[Data excerpts]

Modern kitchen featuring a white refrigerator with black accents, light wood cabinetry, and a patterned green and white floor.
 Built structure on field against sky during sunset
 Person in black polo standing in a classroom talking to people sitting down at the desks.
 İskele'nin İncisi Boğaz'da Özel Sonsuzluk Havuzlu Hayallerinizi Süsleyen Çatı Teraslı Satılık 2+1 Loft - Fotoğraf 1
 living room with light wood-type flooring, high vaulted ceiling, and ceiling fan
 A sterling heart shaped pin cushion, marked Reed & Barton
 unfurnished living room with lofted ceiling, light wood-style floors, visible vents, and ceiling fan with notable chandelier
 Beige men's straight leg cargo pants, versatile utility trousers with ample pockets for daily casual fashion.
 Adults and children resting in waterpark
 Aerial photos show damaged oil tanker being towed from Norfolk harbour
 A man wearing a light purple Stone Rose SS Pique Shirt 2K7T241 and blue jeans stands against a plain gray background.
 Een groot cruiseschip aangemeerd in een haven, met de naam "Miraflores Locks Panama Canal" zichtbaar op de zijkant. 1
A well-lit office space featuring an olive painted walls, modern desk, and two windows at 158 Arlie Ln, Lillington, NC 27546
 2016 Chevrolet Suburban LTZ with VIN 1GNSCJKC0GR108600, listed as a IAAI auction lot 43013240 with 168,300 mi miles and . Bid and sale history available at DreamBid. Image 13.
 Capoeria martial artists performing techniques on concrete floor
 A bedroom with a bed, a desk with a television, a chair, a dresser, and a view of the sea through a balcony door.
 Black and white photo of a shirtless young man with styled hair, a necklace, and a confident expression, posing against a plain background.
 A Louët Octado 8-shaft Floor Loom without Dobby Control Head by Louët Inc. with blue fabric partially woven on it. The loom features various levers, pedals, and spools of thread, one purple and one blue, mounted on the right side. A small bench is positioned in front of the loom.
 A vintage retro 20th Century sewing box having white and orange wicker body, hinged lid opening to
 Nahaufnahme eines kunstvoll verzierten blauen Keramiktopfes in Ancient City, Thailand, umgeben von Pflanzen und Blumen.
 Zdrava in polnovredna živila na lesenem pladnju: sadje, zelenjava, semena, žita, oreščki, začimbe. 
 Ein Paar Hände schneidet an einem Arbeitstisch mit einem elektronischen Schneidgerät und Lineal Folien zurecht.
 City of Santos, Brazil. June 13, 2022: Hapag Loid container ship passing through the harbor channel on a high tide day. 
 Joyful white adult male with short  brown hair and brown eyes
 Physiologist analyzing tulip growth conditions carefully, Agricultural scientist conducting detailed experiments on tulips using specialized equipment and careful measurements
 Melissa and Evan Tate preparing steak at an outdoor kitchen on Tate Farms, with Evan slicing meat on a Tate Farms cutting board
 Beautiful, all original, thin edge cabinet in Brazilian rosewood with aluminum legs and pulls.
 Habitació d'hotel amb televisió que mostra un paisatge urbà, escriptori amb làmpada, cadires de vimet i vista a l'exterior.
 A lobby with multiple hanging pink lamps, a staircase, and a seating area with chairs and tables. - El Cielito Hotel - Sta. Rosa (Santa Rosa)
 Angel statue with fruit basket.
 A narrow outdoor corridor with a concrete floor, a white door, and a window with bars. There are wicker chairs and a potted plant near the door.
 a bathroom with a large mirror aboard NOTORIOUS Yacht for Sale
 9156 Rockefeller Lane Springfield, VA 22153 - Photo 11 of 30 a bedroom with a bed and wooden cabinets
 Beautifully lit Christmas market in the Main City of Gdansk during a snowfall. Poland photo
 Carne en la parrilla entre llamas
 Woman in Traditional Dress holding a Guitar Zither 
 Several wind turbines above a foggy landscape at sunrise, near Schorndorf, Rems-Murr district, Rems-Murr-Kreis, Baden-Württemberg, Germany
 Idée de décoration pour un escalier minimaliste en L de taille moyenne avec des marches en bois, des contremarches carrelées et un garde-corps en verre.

[Activity] Show the lines above that have the word "through".

[Result]
 A bedroom with a bed, a desk with a television, a chair, a dresser, and a view of the sea through a balcony door.
 City of Santos, Brazil. June 13, 2022: Hapag Loid container ship passing through the harbor channel on a high tide day. 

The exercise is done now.